Suppose you have a complete graph with N vertexes, with a distinguished vertex $n=1$ ("start"), and you wish to find a route traveling exactly once through each vertex so that the distance along the path is minimized. There is no requirement that the path return to the starting point, but must end at any other vertex besides the $n=1$ vertex. At this stage the problem is finding a Hamiltonian path through the vertexes, starting from a given point; the context I am looking has the vertexes are points in 3D space.

However, I am interested in including an additional condition -- only certain paths through vertexes are allowed, given by a coefficient $c_{ijk}$, where $c_{ijk} = 1$ if the path $i \to j \to k$ is allowed, and $c_{ijk} = 0$ otherwise. The physical context of this is to restrict the angle in 3D space between the incoming vector ${\vec r}_j - {\vec r}_i$ and the outgoing vector ${\vec r}_k - {\vec r}_j$. If this angle is greater than a fixed value $\theta_{max}$, the path cannot pass through the nodes in the sequence $i \to j \to k$. Because of this additional restriction, there is no condition on the number of paths leaving the start vertex, so that if it is impossible with a single path, multiple paths are considered.

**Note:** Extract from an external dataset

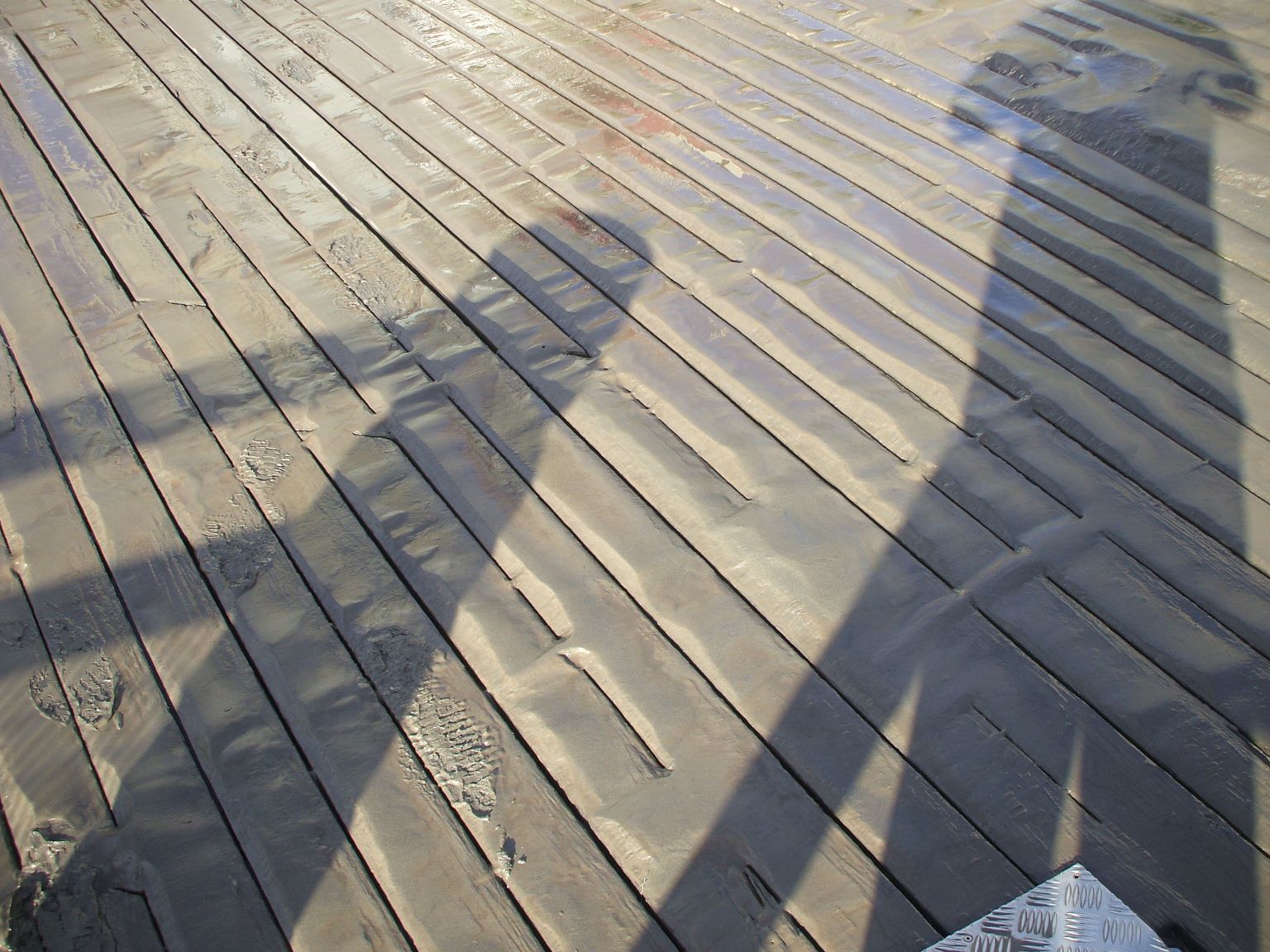 As the waters recede back into the river, the sticky, slippery, smelly mud is left behind...
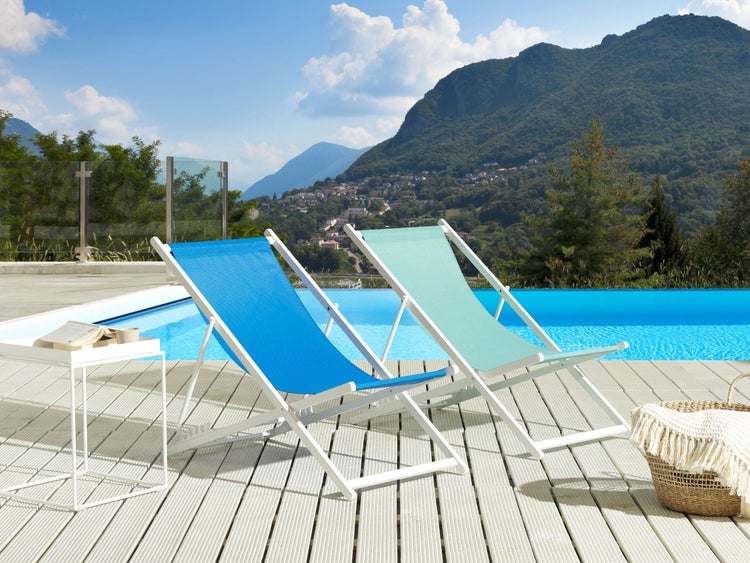 Zwei Liegestühle aus Stoff und Holz am Pool mit Berglandschaft im Hintergrund.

Obviously, in the extremes where the $c_{ijk}$ are mostly zero or mostly one, there is either no solution, or the unconstrained solution is feasible, respectively. Studying the properties of $c_{ijk}$ for a given vertex can show that particular vertexes cannot be visited other than directly from the $n = 1$ vertex, or that particular edges $i \to j$ cannot be used by any path. Presumably, one could build up other such relations, but I have not gone about to find any others.

Has a system like this been previously considered in the literature, as a variation of the Hamiltonian path, or of the traveling salesman problem? If so, what is the reference?